**Given information:**
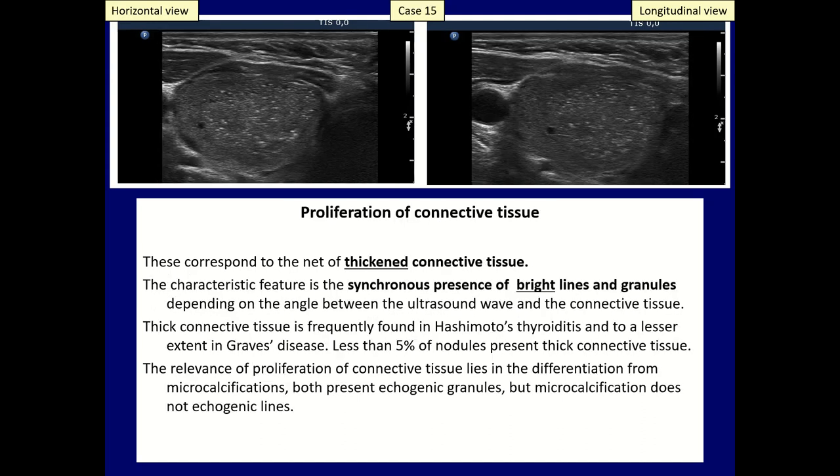The echogenic lines and granules become brighter if the echogenicity of the thyroid decreases, mainly in Hashimoto's thyroiditis, but also in Graves' disease.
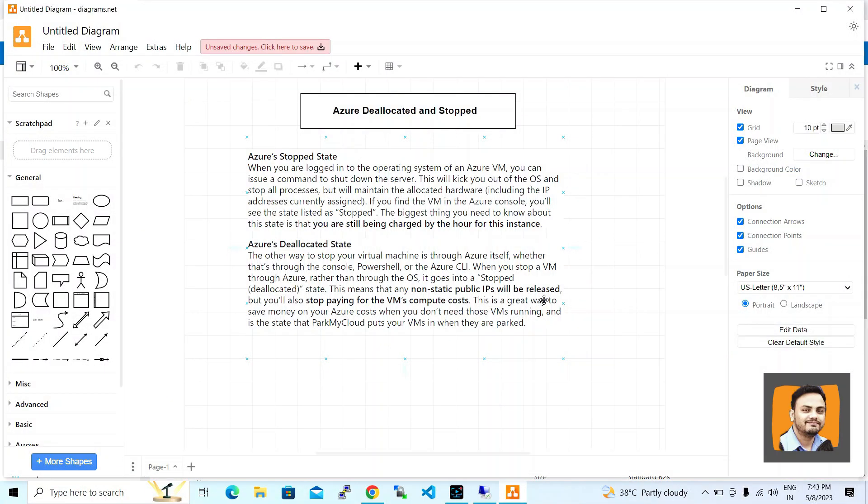Welcome to my YouTube channel. This is Ajit Kumar, and in this video we will talk about Azure deallocated and stop states, which are options we get for virtual machines.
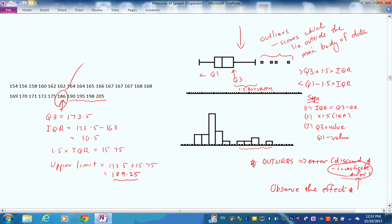The IB rule you must use is: you cannot go more than 1.5 interquartile ranges above or below the ends of the box. There are various other statistical rules, but this is the one required. You'll get a chance to practise it as we go on.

**Work to be completed:**
Transcribe exactly the line containing "Welcome to my" and every line after it through the end of the listing above; pictures are not part of the copy.

**Task answer:**
Welcome to my YouTube channel. This is Ajit Kumar, and in this video we will talk about Azure deallocated and stop states, which are options we get for virtual machines.
The IB rule you must use is: you cannot go more than 1.5 interquartile ranges above or below the ends of the box. There are various other statistical rules, but this is the one required. You'll get a chance to practise it as we go on.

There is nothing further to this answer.